**BRIEF:**
All of the listing must be given again exactly, except that the images are dropped.

**EXERCISE DATA:**
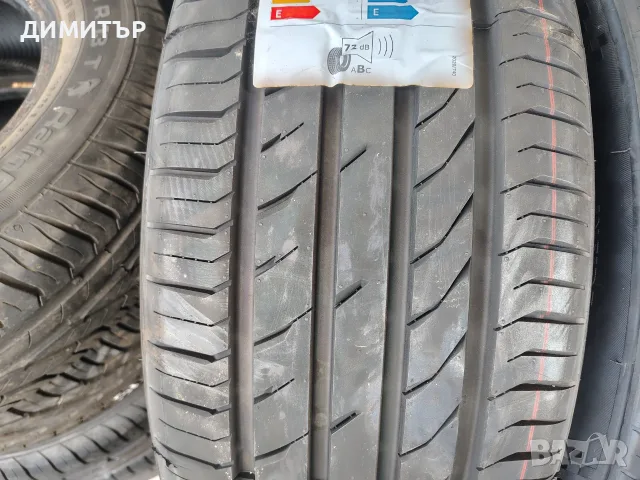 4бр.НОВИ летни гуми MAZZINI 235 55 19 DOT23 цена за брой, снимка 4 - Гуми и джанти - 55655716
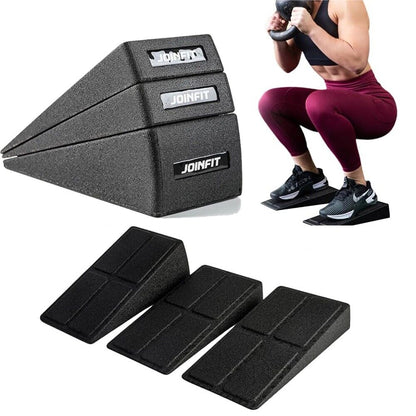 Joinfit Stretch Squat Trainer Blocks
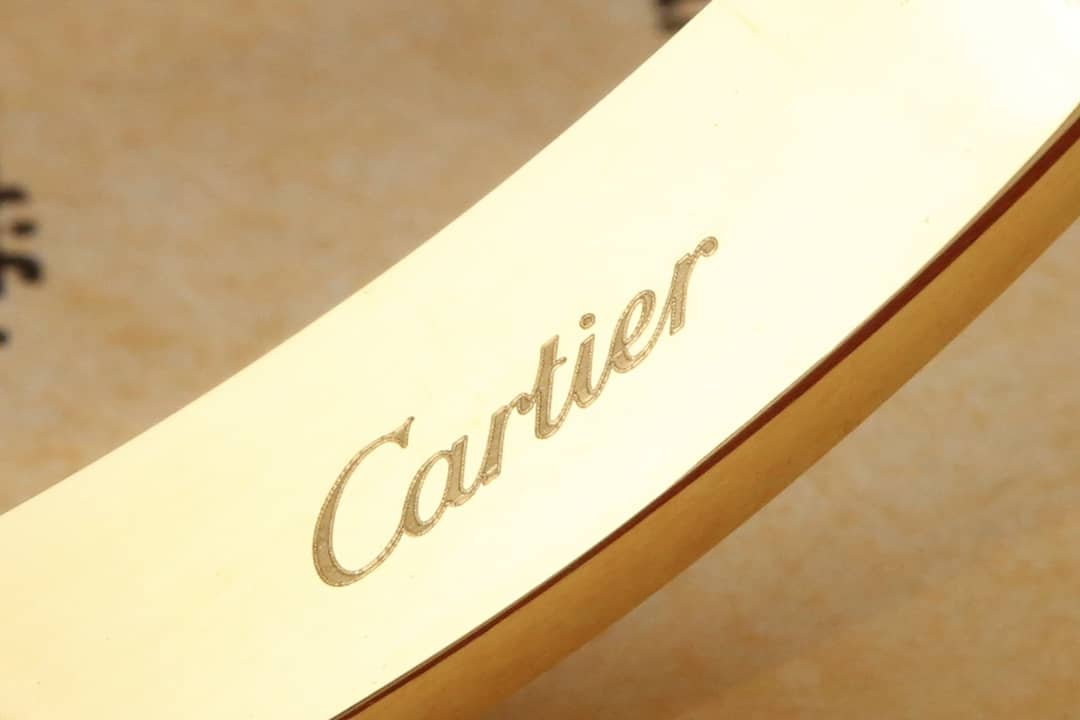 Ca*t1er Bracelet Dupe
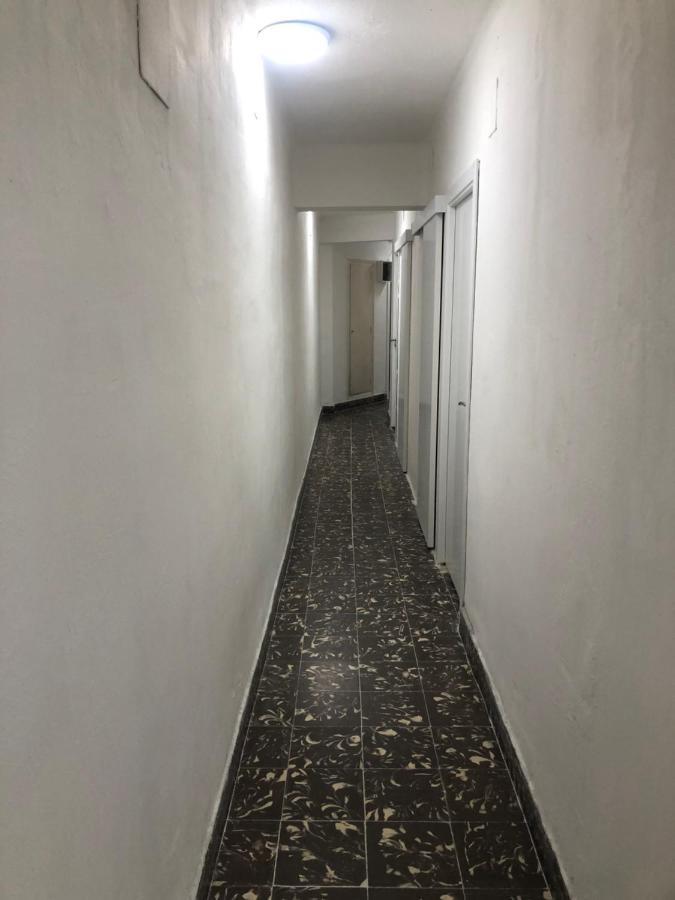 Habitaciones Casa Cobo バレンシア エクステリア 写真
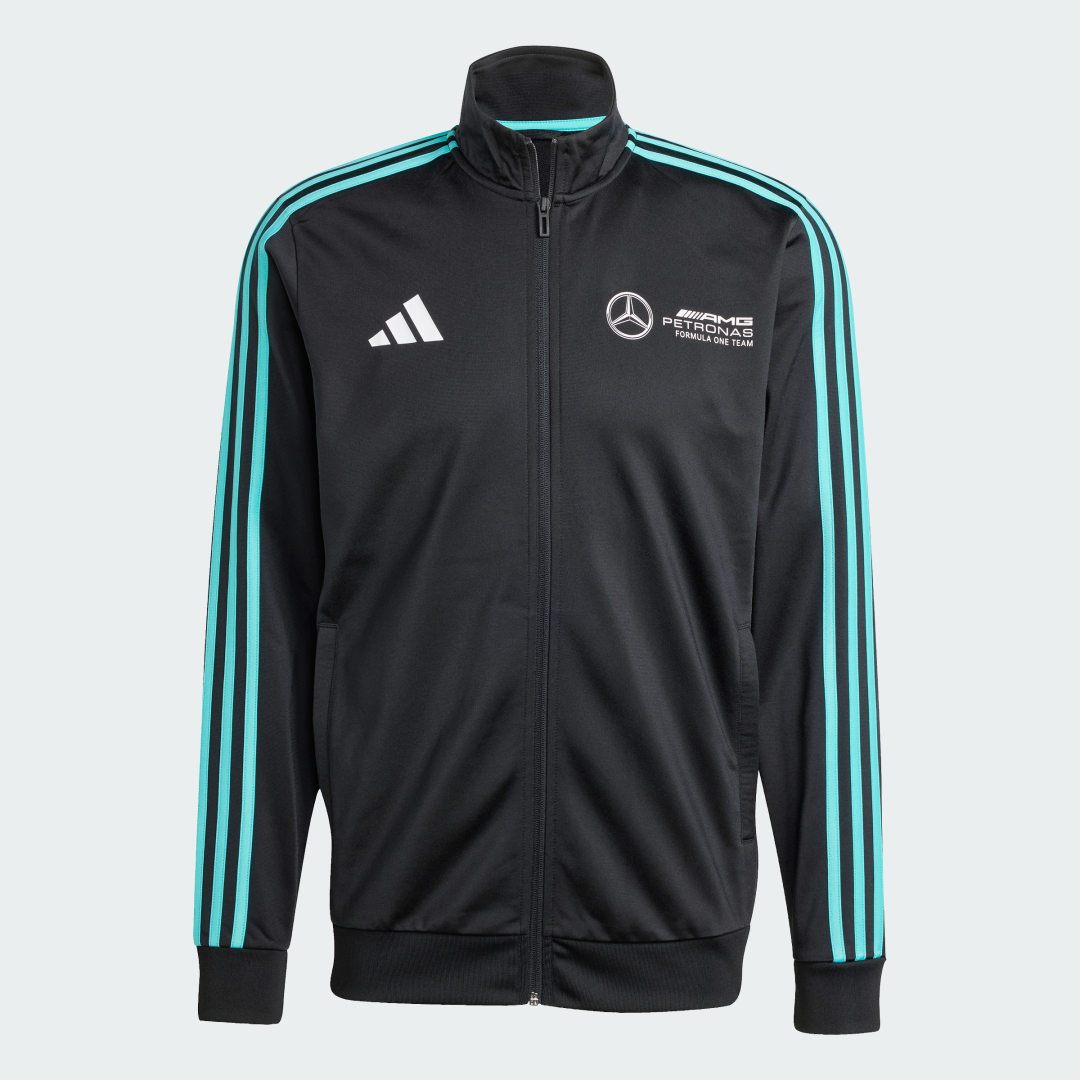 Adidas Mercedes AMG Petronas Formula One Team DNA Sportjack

**ANSWER:**
 4бр.НОВИ летни гуми MAZZINI 235 55 19 DOT23 цена за брой, снимка 4 - Гуми и джанти - 55655716
 Joinfit Stretch Squat Trainer Blocks
 Ca*t1er Bracelet Dupe
 Habitaciones Casa Cobo バレンシア エクステリア 写真
 Adidas Mercedes AMG Petronas Formula One Team DNA Sportjack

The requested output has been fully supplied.